Transcribe only the part of the material below that begins at the line containing "Personalized Name Necklace in Sign Language" and ends at the line containing "History Suggests the", with both kept and images left out.

- **Records provided**:
· · · · · · ·

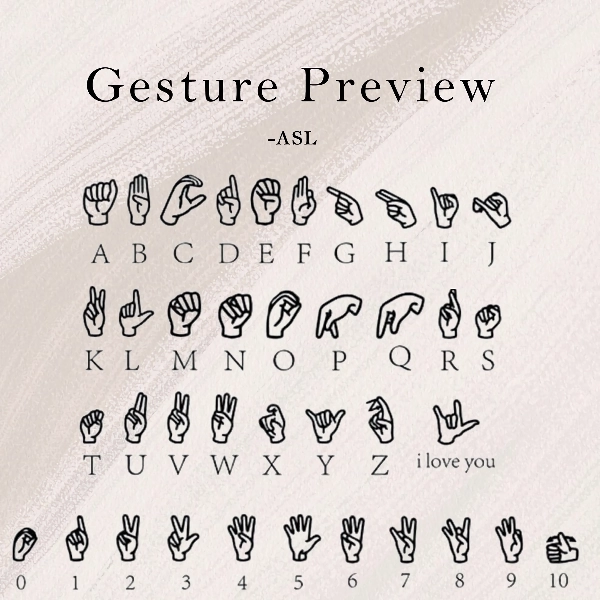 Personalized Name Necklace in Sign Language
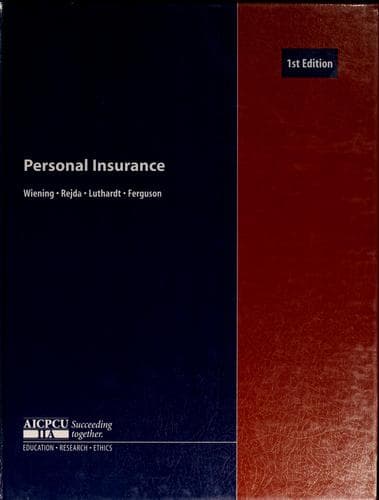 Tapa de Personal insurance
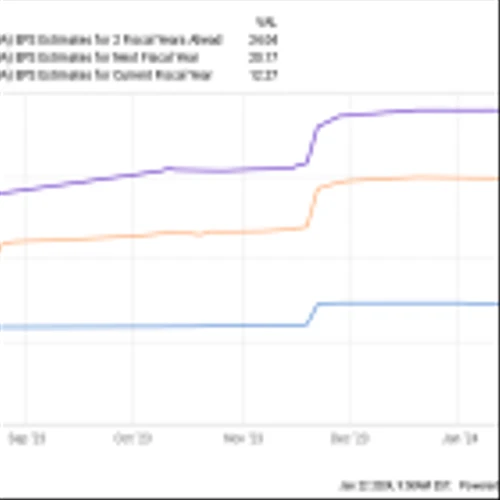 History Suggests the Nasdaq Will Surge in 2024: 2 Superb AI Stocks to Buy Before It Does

· · · · · · ·

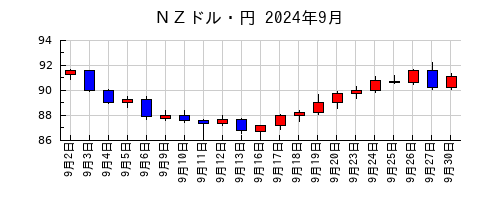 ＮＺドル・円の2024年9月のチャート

· · · · · · ·

- **Exercise output**:
 Personalized Name Necklace in Sign Language
 Tapa de Personal insurance
 History Suggests the Nasdaq Will Surge in 2024: 2 Superb AI Stocks to Buy Before It Does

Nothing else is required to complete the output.